ACTIVITY: Transcribe exactly, leaving out pictures, the lines from the one that holds "Audi A4 AVANT TFSI QUATTRO BLACK EDITION 24" through the end of the data below, including both end lines and no others.

PROVIDED DATA below:

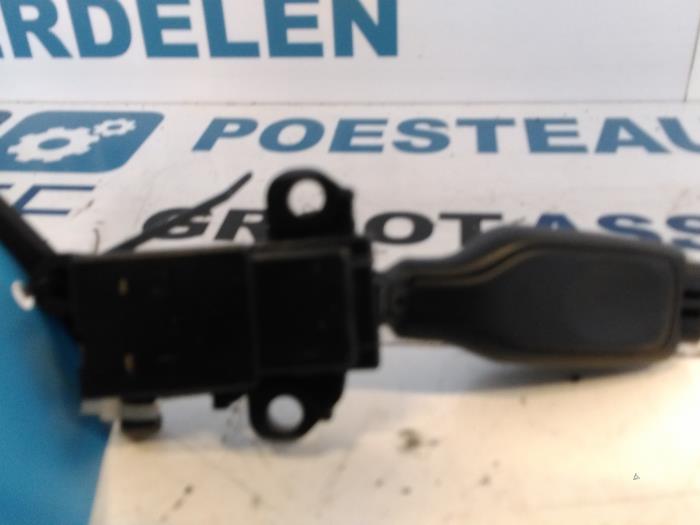 Cruise Control Bediening van een Mazda 626 (GW19) 2.0i 16V HiPower 2001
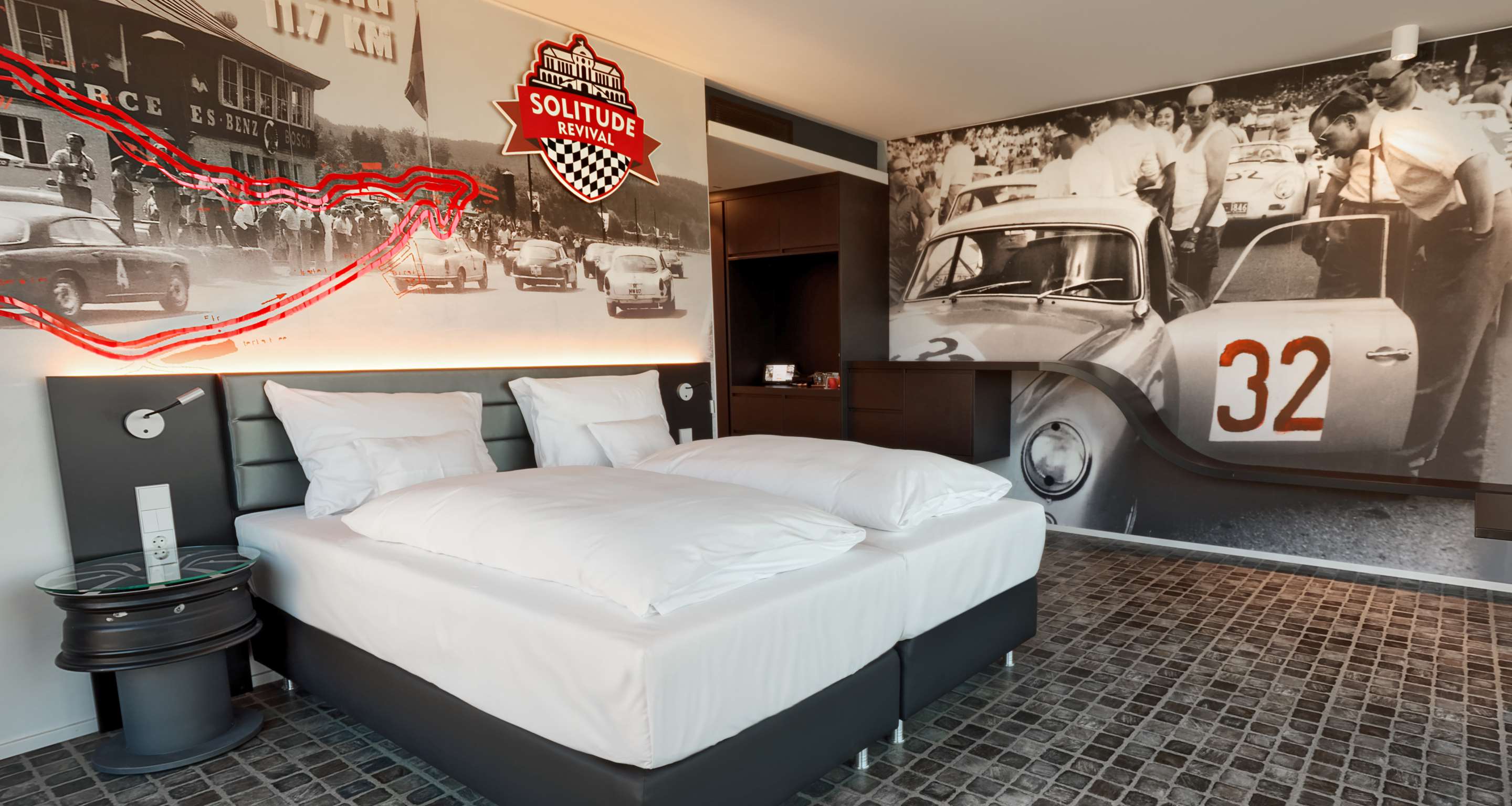 V8 HOTEL Motorworld Region Stuttgart, BW Premier Collection V8 HOTEL Motorworld Region Stuttgart, BW Premier Collection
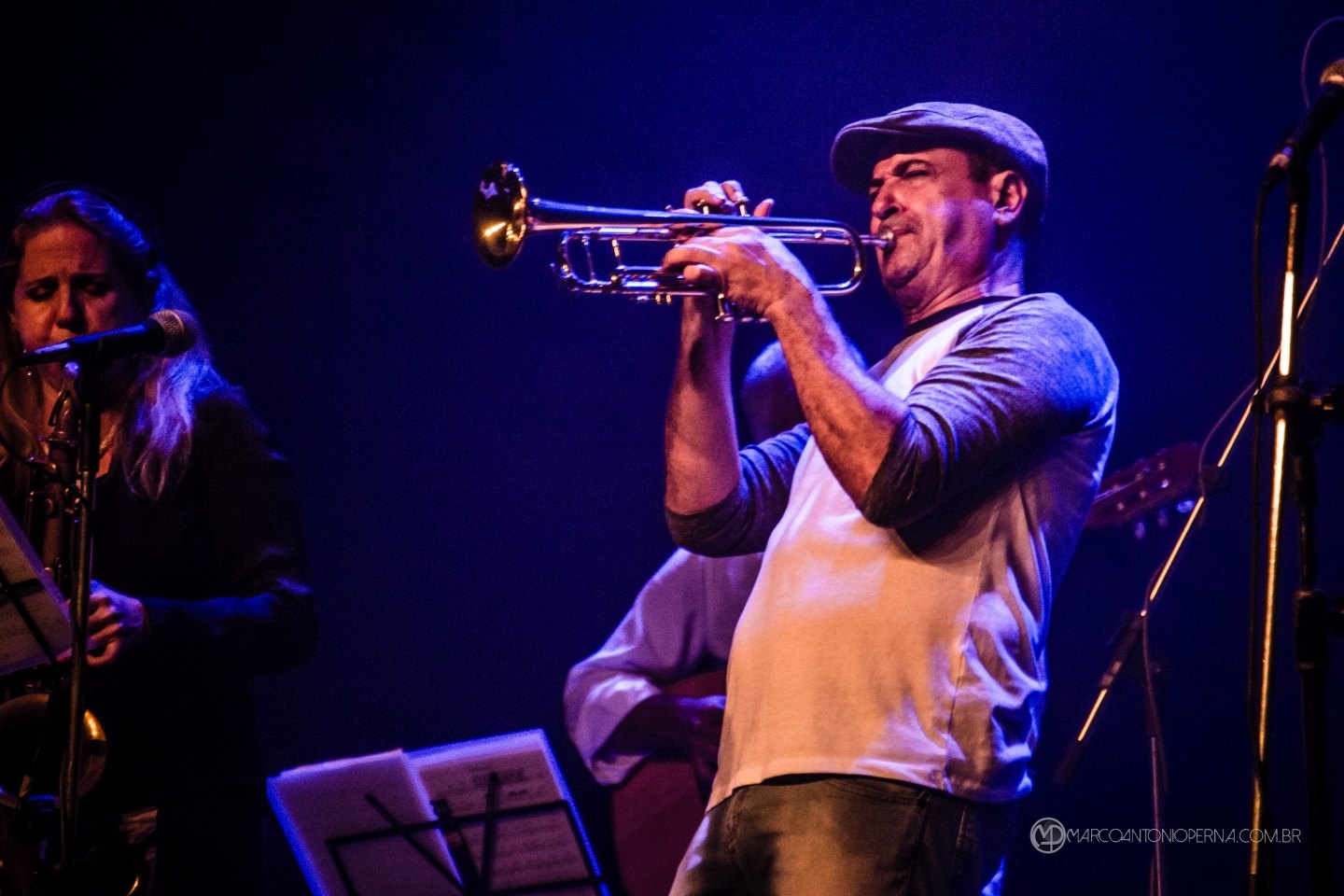 Com Dani Spielmann (sax), Silvrio Pontes (trompete), Alexandre Maionese (Flauta Transversa), Domingos Teixeira (violo), Rodrigo Villa (baixo), Xande Figueiredo (bateria), Jovi Joviniano (pandeiro), urea Martins (cantora), Joo Carlos Ramos (bailarino), Carol Marques (bailarina). Sala Baden Powell - Rio.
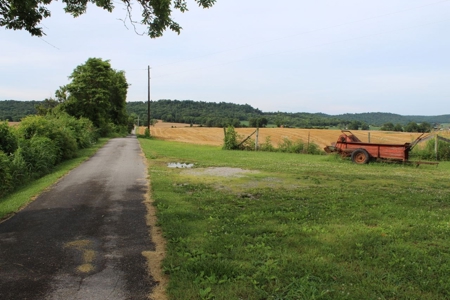 Commercial Building and 1 Acre Lot Available in Park City Ky - image 8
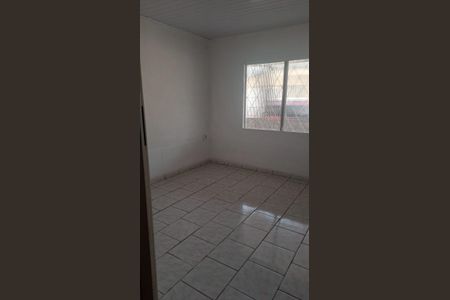 Quarto 1 de casa para alugar com 2 quartos, 80m² em Sarandi, Porto Alegre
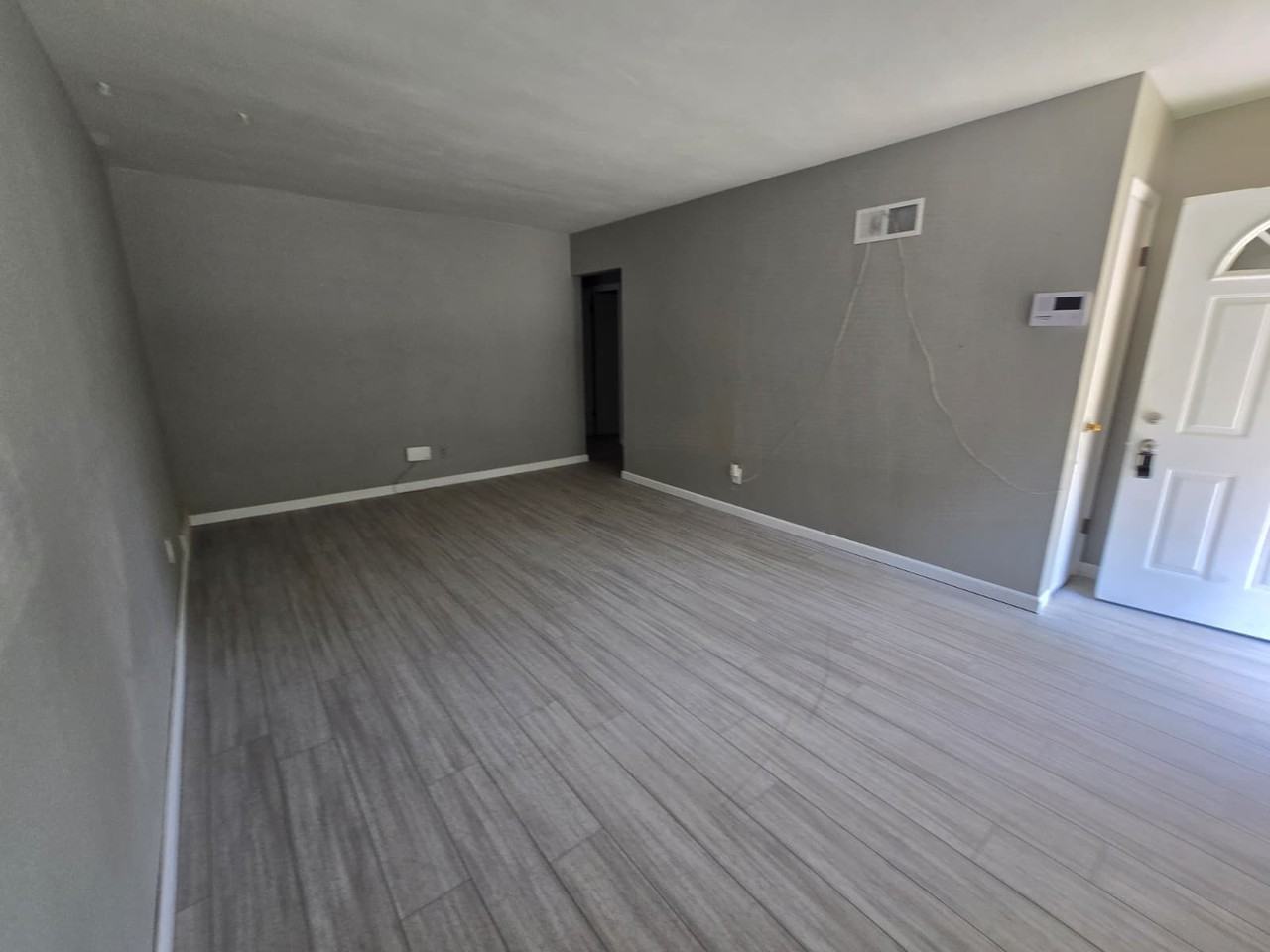 853 Hornsby Avenue - Photo 3 of 9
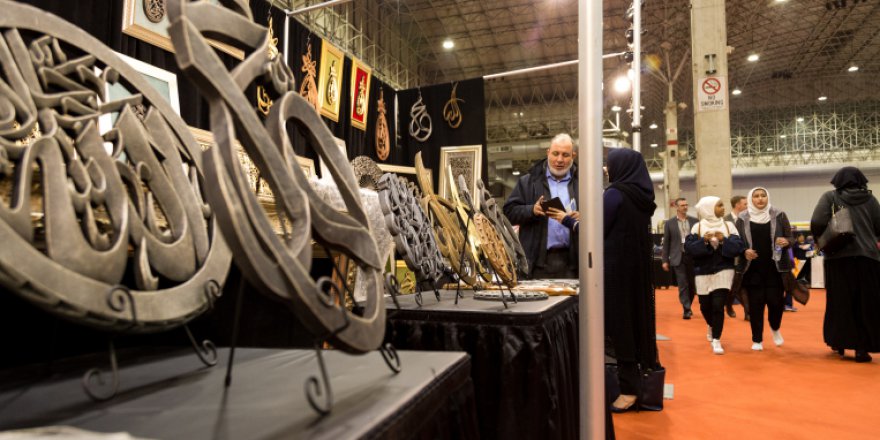 Amerika'daki Helal Festival'de en çok başörtüsü dikkat çekti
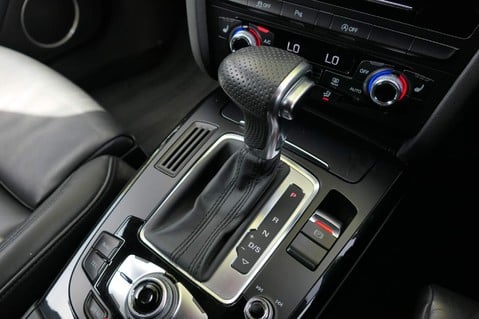 Audi A4 AVANT TFSI QUATTRO BLACK EDITION 24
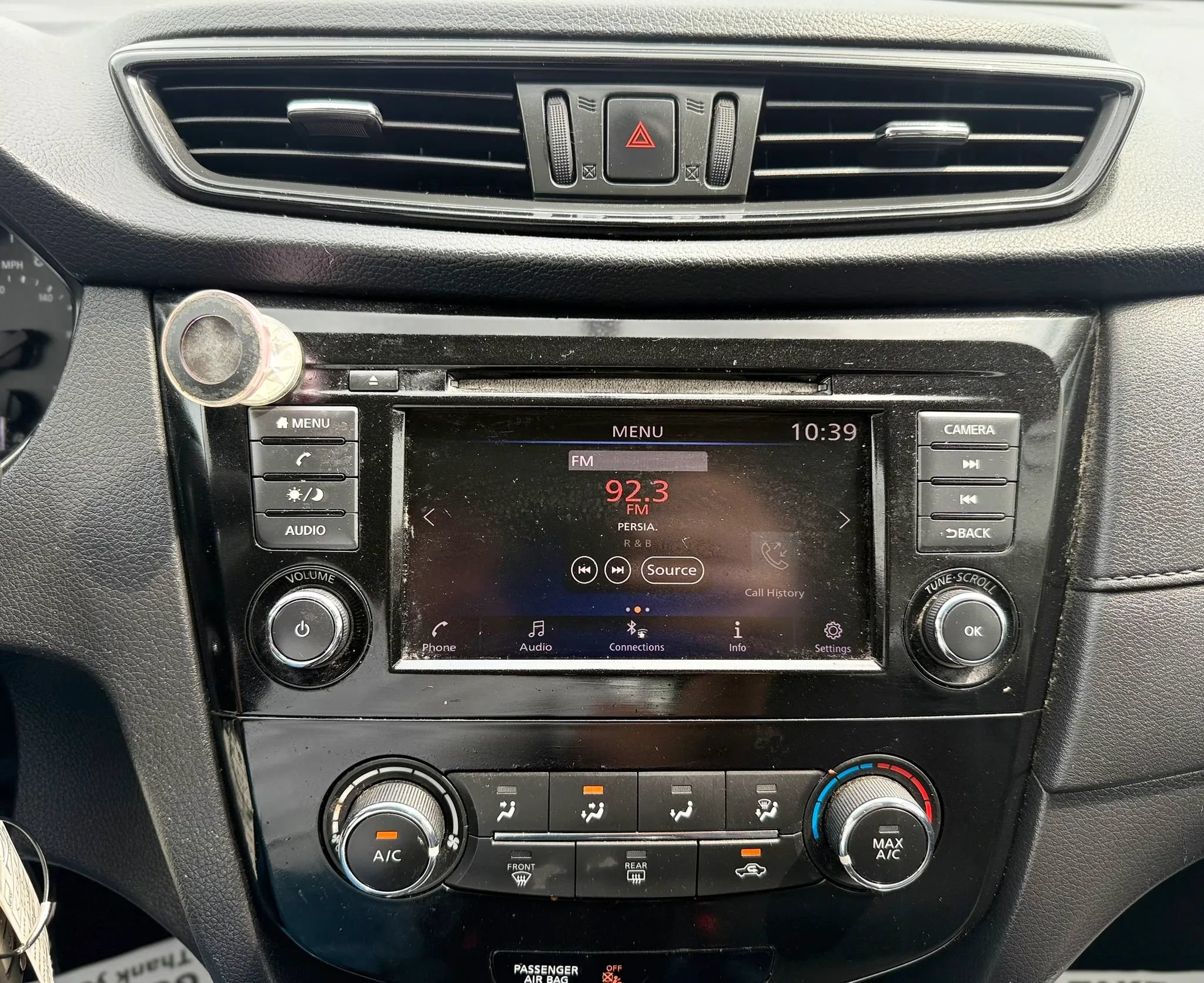 Used 2018 Nissan Rogue S AWD/4WD image 15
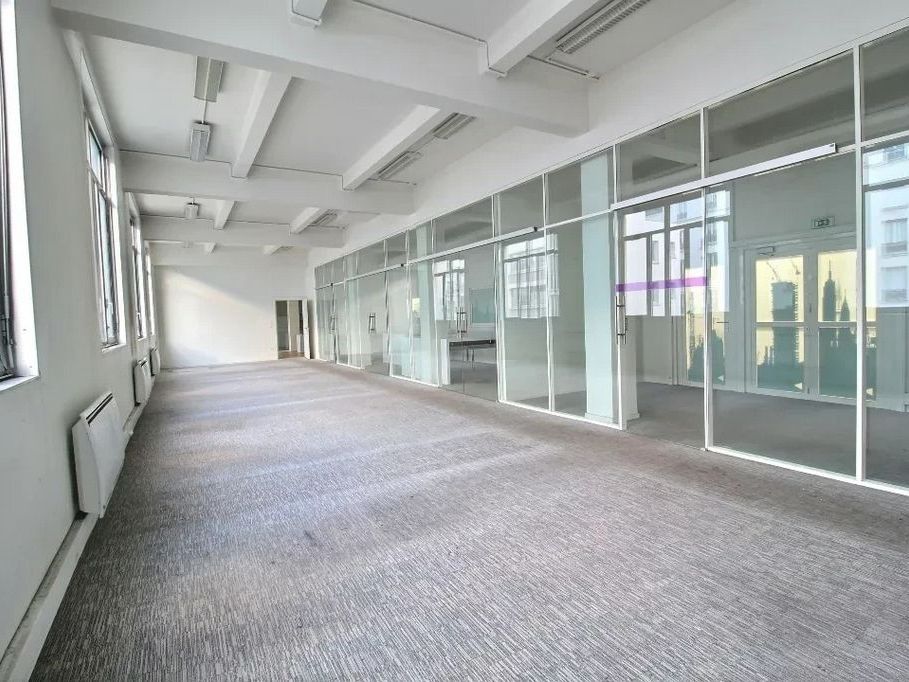 Location bureaux 392 m² divisibles à partir de 147 m²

End of PROVIDED DATA.

THE COMPLETED TASK:
 Audi A4 AVANT TFSI QUATTRO BLACK EDITION 24
 Used 2018 Nissan Rogue S AWD/4WD image 15
 Location bureaux 392 m² divisibles à partir de 147 m²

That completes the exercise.